2. During the Exclusive Period, Inspirit Studio shall not, and shall cause its agents, representatives and advisors not to, take any action to initiate, contact, induce, solicit, encourage, participate or assist any person or entity other than SEI and its respective affiliates in any offer, inquires, discussions, proposals or negotiations in connection with any transaction, contract, agreement, arrangement or commitments referred to above, and Inspirit Studio shall promptly inform SEI of any inquiry from any third party in connection therewith.
II. Confidentiality
Except as otherwise required by applicable law or regulation, by order of a court of competent jurisdiction, any competent authority or stock exchange, or otherwise permitted by this Agreement, each of SEI and Inspirit Studio shall not disclose to any third party any content or information in connection with the Discussion, or non-public information relating to the other Party (“Confidential Information”) without the prior consent of the other Party and shall keep Confidential Information strictly confidential. Each Party may disclose Confidential Information to its directors, managers, employees, professional advisers, accountants or lawyers (whether current or prospective) on a need-to-know basis; provided, however, that the disclosing Party shall ensure that such persons are subject to the same confidentiality obligation as they were under this Agreement. To the extent permitted by applicable law, for any Party to disclose Confidential Information to a court, a competent authority or stock exchange, such disclosing Party shall notify the other Party in advance of such disclosure and shall obtain the consent of the other Party with respect to the contents of such disclosure. This confidentiality provision shall survive expiration of the Exclusive Period for two (2) years from the expiration date of the Exclusive Period.
III. Miscellaneous
1. Each Party hereby represents and warrants to the other Party that it has full legal right and authority to execute, deliver and perform fully its obligations under this Agreement.

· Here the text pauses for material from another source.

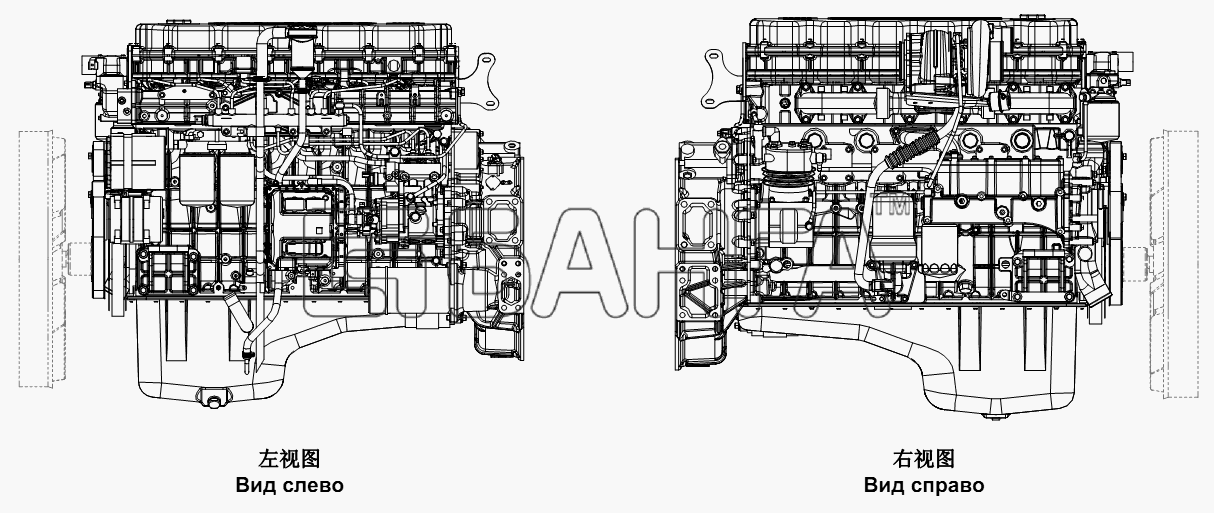 FAW CA-4250 (P66K2T1A1EX) Схема Двигатель-123 banga.ua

When executed and delivered by the Party, this Agreement shall constitute a valid and binding agreement of each Party, enforceable against such Party in accordance with its terms.
2. This Agreement shall be governed by, and constructed in accordance with, the laws of the State of New York.
3. This Agreement may be executed in any number of counterparts and by the different Parties on separate counterparts, each of which when so executed and delivered shall be an original, but all the counterparts shall together constitute one and the same instrument.
[Signature page follows]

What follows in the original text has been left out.